Posted on September 1st, 2009 by Mindy Yong.
Categories: Singapore Real Estate News.

Punggol Spectra to offer new 2- and 3-room flats

By Charissa Yong

THE Housing Board launched Punggol Spectra yesterday, the third of its build-to-order (BTO) projects in Punggol this year and the first to introduce two- and three-room flats.

Under the BTO scheme, flats are built only when a certain level of demand is reached.

Located in Punggol Central and a short drive from Tampines Expressway, Punggol Spectra will offer 301 two-roomers, 285 three-roomers, and 556 four-room flats.

The two-roomers of 46 to 47 sq m are priced at $89,000 to $109,000, and three-room flats of 69 sq m are selling for $151,000 to $179,000.

Four-room flats of 94 to 96 sq m are selling for $234,000 to $293,000. Similar, smaller standard resale flats sell for $310,000 to $357,000, said HDB.

First-time buyers with an average monthly household income of $5,000 or less can apply for an Additional CPF Housing Grant of up to $40,000.

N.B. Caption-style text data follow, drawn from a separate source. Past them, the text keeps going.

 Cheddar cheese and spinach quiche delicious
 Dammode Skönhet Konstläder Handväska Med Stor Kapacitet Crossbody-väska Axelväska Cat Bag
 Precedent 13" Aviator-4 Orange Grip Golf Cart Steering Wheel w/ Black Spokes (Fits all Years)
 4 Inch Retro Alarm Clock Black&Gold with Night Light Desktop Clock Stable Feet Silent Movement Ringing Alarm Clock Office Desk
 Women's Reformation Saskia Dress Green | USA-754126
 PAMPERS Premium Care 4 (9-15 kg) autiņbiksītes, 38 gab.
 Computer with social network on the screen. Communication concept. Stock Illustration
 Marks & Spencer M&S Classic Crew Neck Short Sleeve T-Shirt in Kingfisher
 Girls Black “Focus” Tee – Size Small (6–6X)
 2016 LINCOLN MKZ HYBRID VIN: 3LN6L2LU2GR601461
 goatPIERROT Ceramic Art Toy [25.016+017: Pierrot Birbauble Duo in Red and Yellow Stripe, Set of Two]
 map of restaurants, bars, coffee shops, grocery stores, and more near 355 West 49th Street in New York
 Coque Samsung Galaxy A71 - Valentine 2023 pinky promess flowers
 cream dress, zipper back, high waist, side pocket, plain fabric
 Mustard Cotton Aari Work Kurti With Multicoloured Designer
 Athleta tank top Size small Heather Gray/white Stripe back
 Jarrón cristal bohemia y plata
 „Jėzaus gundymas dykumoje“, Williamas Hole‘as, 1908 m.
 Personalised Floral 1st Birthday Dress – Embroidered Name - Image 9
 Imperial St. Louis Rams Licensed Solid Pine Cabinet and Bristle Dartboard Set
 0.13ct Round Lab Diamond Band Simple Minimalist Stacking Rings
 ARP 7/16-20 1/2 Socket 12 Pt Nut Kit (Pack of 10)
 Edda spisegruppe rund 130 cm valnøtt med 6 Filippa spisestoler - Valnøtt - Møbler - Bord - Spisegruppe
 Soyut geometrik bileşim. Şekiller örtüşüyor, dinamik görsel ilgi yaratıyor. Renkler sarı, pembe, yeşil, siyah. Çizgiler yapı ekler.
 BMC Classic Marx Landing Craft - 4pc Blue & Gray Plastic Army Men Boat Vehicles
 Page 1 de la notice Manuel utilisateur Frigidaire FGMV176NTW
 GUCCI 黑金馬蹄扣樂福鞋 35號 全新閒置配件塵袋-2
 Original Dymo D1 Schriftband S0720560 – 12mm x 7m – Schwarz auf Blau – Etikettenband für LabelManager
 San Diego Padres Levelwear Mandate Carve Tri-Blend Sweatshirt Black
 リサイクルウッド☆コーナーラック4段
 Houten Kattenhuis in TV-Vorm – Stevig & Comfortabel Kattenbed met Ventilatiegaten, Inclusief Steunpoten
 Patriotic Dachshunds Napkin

PropNex corporate communications manager Adam Tan expects Spectra to be very well-received, as it is the first in the area to offer two- and three-room flats.

‘Smaller families will be attracted to these units, given their attractive prices,’ he said, adding that the median resale prices for two- and three-room flats across Singapore have not seen such affordable levels for more than two years.

Mr Tan expects the Spectra units to be at least four times oversubscribed. This follows the strong interest in the recent BTO project Punggol Residences, which was launched in July and was seven times oversubscribed.

Previous BTO projects in Punggol include Nautilus @ Punggol, launched in March, and premium project Punggol Regalia, launched last December.

According to HDB, this year’s total BTO supply is expected to reach 8,000 units, located in towns such as Punggol, Sengkang and Sembawang.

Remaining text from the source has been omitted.